From ACT’s perspective, alcohol sales lead to violence by defying “godly and family values,” said Angel Scott of the group, speaking at a podium set up at the intersection.


Waad Discount Market was the site of a homicide in April. But owner Naser Abdallah defended his business, which he described as a victim of the overall violence that plagues his neighborhood.

He said there was nothing he could have done to prevent the shooting.

“The two men had a problem with each other outside, and so one came inside and shot the other,” he said flatly.

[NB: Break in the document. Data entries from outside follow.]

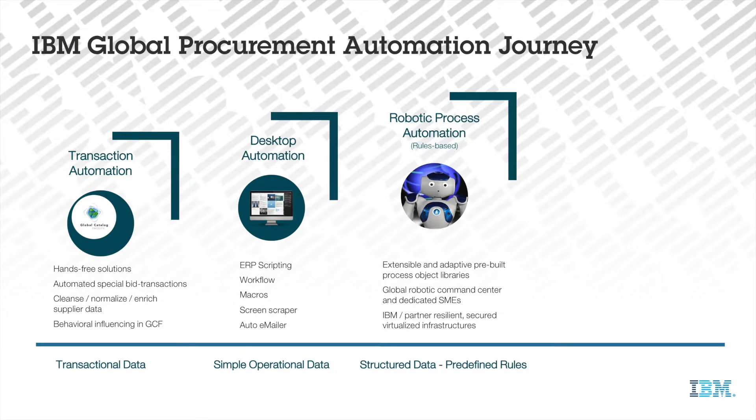With the use of robotic process automation, we are now targeting new areas of procurement operations. Harnessing structured data in combination with predefined rules, this new technology allows us to create more complex,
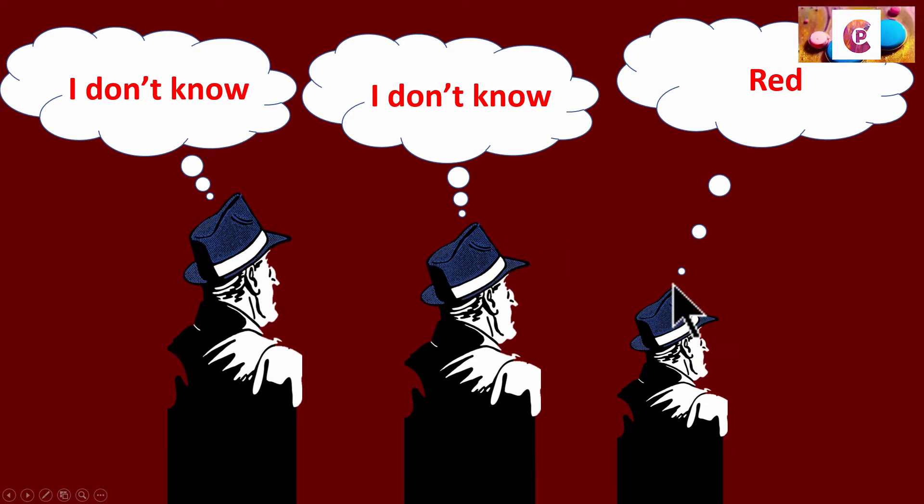So the moment the second guy says I don't know, the first guy knows his hat is red. Because if he had been wearing blue, the second guy would have said red. But the second guy said I don't know — therefore the first guy knows he must be wearing red. The last guy did not see two blue; he saw either one red and one blue or two red, so he said I don't know. The second guy, had he seen blue in front, would have said red — but he also said I don't know, which automatically means he must have seen red on the first guy's head. That gives the clue to the first guy, who correctly states the color of his hat even though he hasn't seen anybody's head.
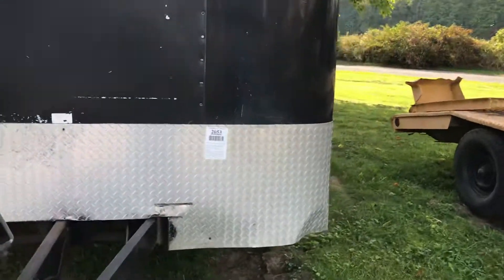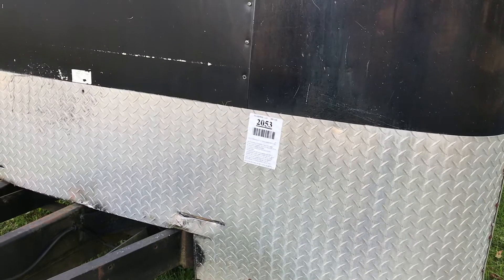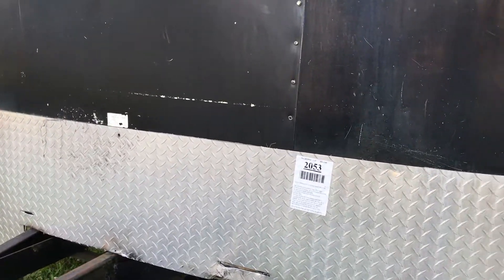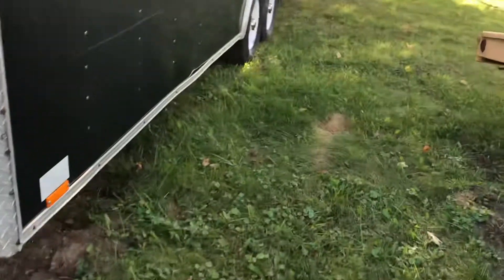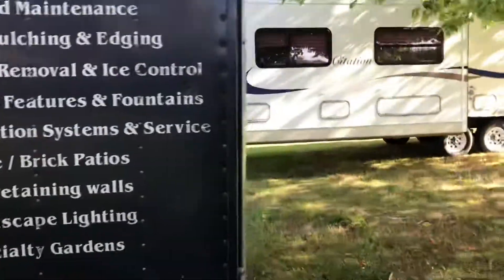This is lot 2053 and this is a 2002 Cargo Mate 20-foot enclosed trailer. This is also not going to be titled because in the state of Ohio this trailer does not weigh over 4,000 pounds, so they won't title this one.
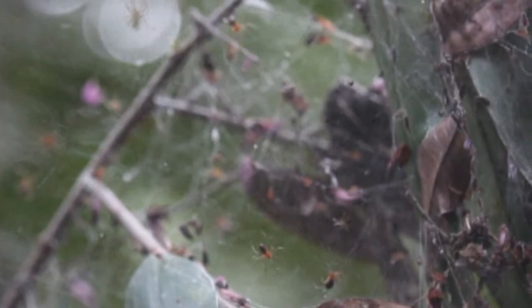Hundreds of tiny spiders built their web cooperatively and are now waiting for a prey. A large moth just fell in the trap. Instantly, the predators attack the unfortunate. Soon the moth stops moving and dies. It will be a huge meal for the whole colony.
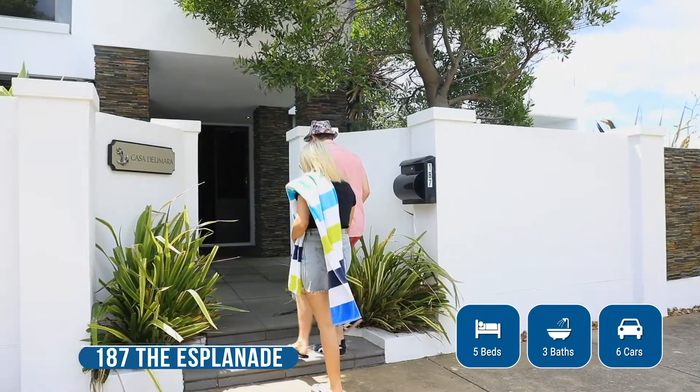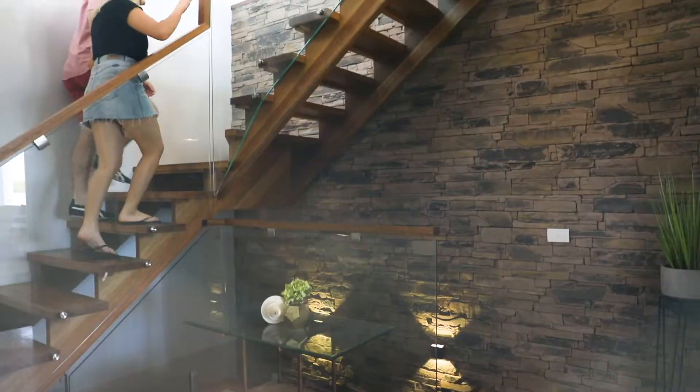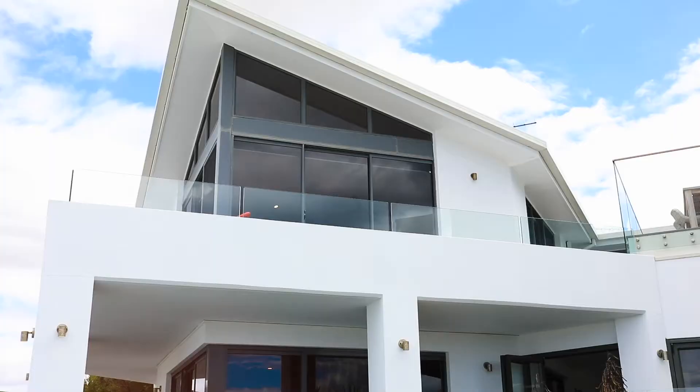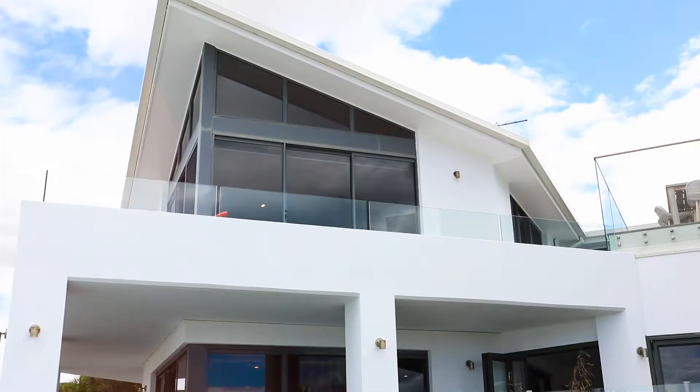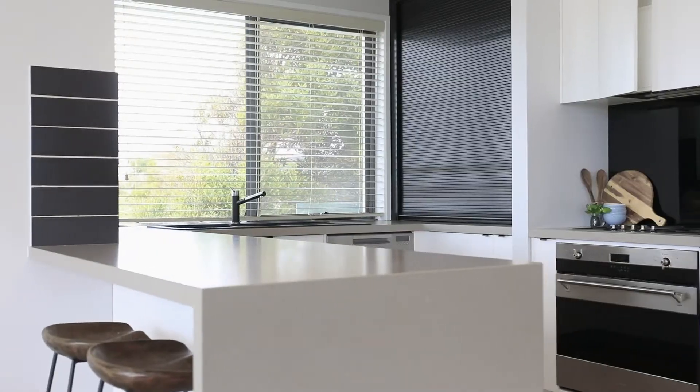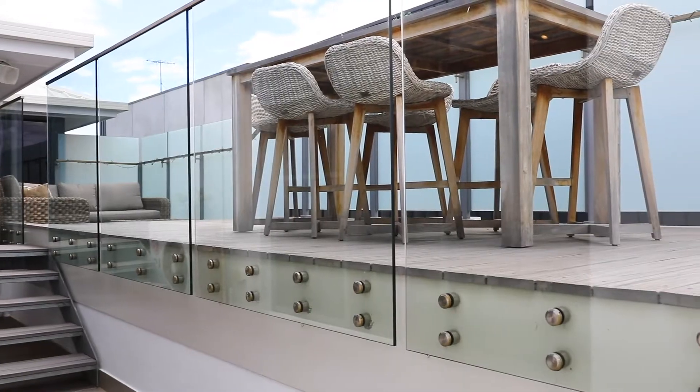Step inside 187 The Esplanade, Torquay, comprising five bedrooms plus study, two master bedrooms with full ensuite — one with its own private balcony — four bathrooms, two separate living areas, and a contemporary kitchen with wraparound balcony to maximize the view.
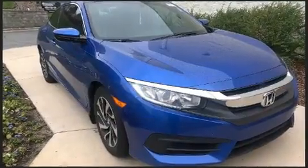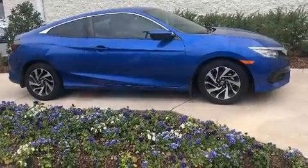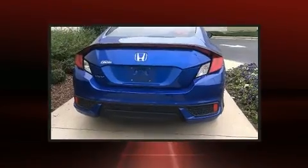Honda ensures the safety and security of its passengers with equipment such as dual front impact airbags, front side impact airbags, traction control, brake assist, a panic alarm, and four-wheel disc brakes with ABS.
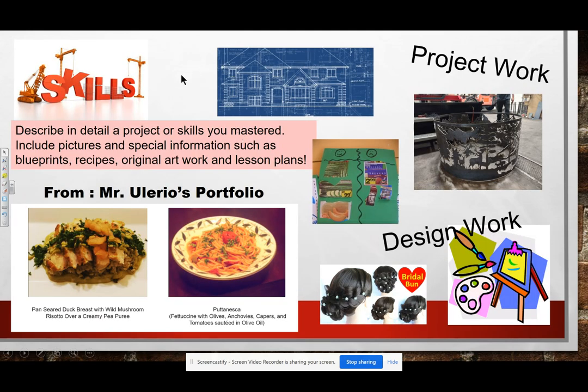Some skills you can include in your portfolio, whether it's online or on paper: describe in detail a project or skills that you mastered. Include pictures and special information such as blueprints, recipes, original artwork, and lesson plans. Thank you to Carlos for allowing me to use something from a portfolio he did for FCCLA — it shows a picture of items he created and prepared, along with an explanation of what it is. Project work like welding: if you did a welding project in Mr. Milan's class, please put that in. Or if you designed a lesson plan in Mrs. Job's class, please put that in.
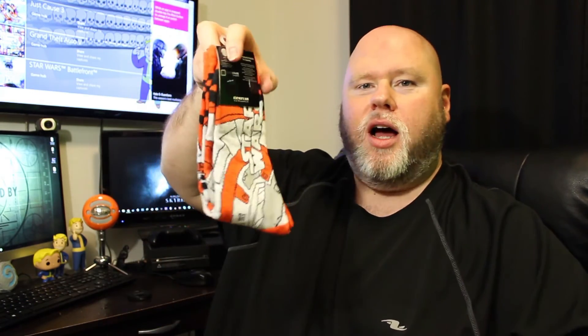This is a Loot Crate December 2015 Galaxy Quest pin — you can't really see it, it's kind of blurry. And I got some Star Wars socks. Loot Crate's been doing a thing where you can get socks and different items. These are BB-8 socks — that's cool!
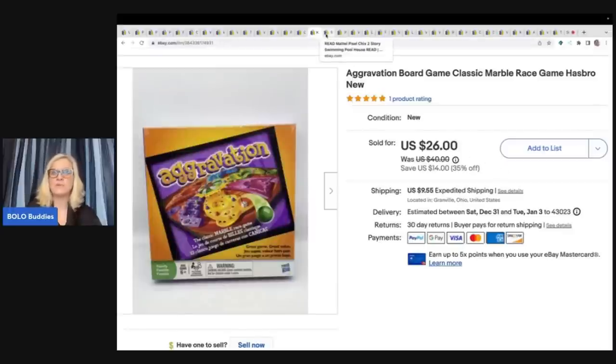I use List Perfectly to cross-post. I start my items on eBay and then cross-post to Mercari and Poshmark using List Perfectly. There's a demo video down in the description that will walk you through it. If you think it will help your business, consider it — it is awesome. You can use my referral code BOLOBUDDIES, all one word, when you sign up and you'll get 30% off your first month.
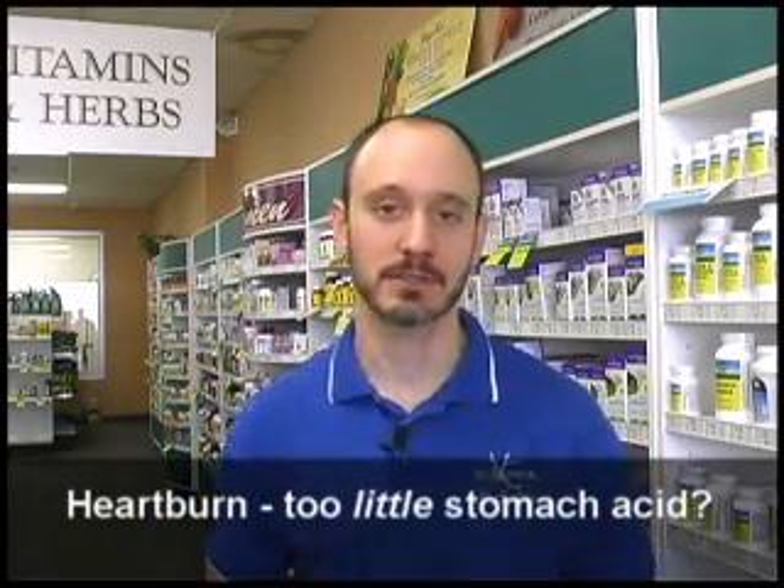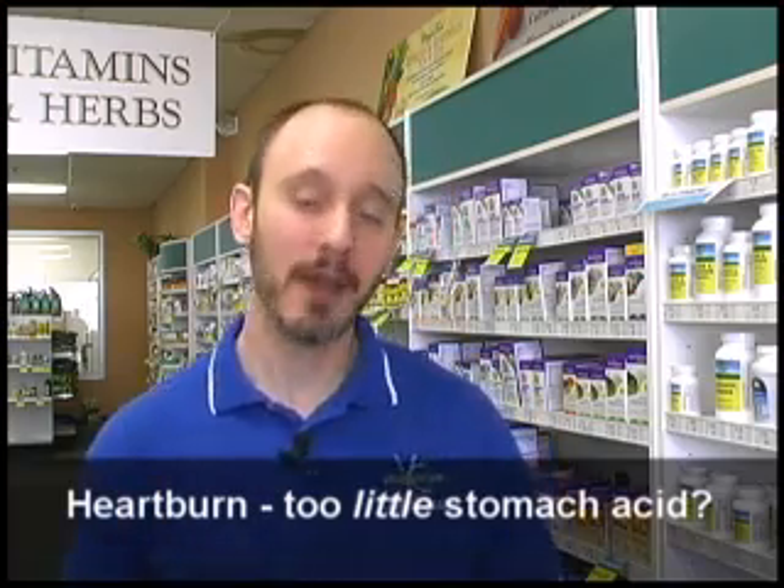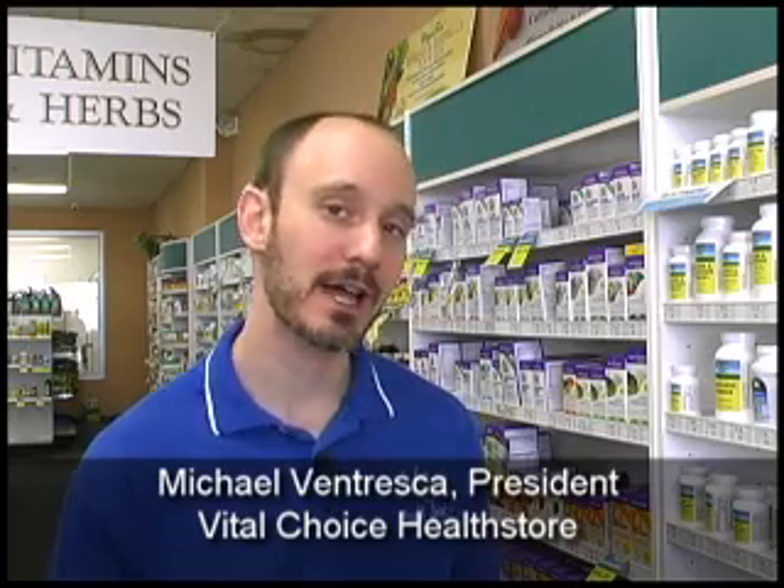Today I'd like to start by asking you a question. Have you ever had heartburn before? If you're like most people, at one point or another, you have had heartburn before, and your first thought was,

The homicide was one of at least 19 shootings or killings since January in a 100 square-block area. Nearby residents said they support ACT’s condemnation of ongoing drug trafficking and gun violence, but were less supportive of ACT’s efforts to ban alcohol sales at all corner stores.

Instead, they traced the block’s drug crime, burglaries and violence to idle youth and to those who have moved into the area since Hurricane Katrina.

“But from my standpoint, no corner store should sell alcohol, because those stores become places where people can hang out and hide away,” said ACT member Alena Boucree. The resulting crime creates fear among neighborhood families and stops others from buying houses there, she said.

Store owner Abdallah estimated that he sells about $500 worth of liquor each day. Those sales are important for him, he said, because they lead to other business. “Because the man who wants to buy his beer will also buy his meat, his bread and his groceries here,” he said.


Louisiana State University School of Medicine researcher Richard Scribner found that New Orleans neighborhoods with a high density of liquor vendors also have high homicide rates, even after accounting for other possible contributing factors, such as unemployment, race, age and social structure.

_ Katy Reckdahl

Quote of the Day: Archbishop Njongonkulu Ndungane of South Africa

(RNS) “The life of faith is first and foremost about our relationship with God. It is not about how good our behavior is. Nor does it hinge on how correct our theology is. Nor does it hinge on our stance on human sexuality. What God really cares about is whether we love him.”

_ Anglican Archbishop Njongonkulu Ndungane of South Africa, preaching in London’s Westminster Abbey. He was quoted by Anglican Communion News Service. (June 20).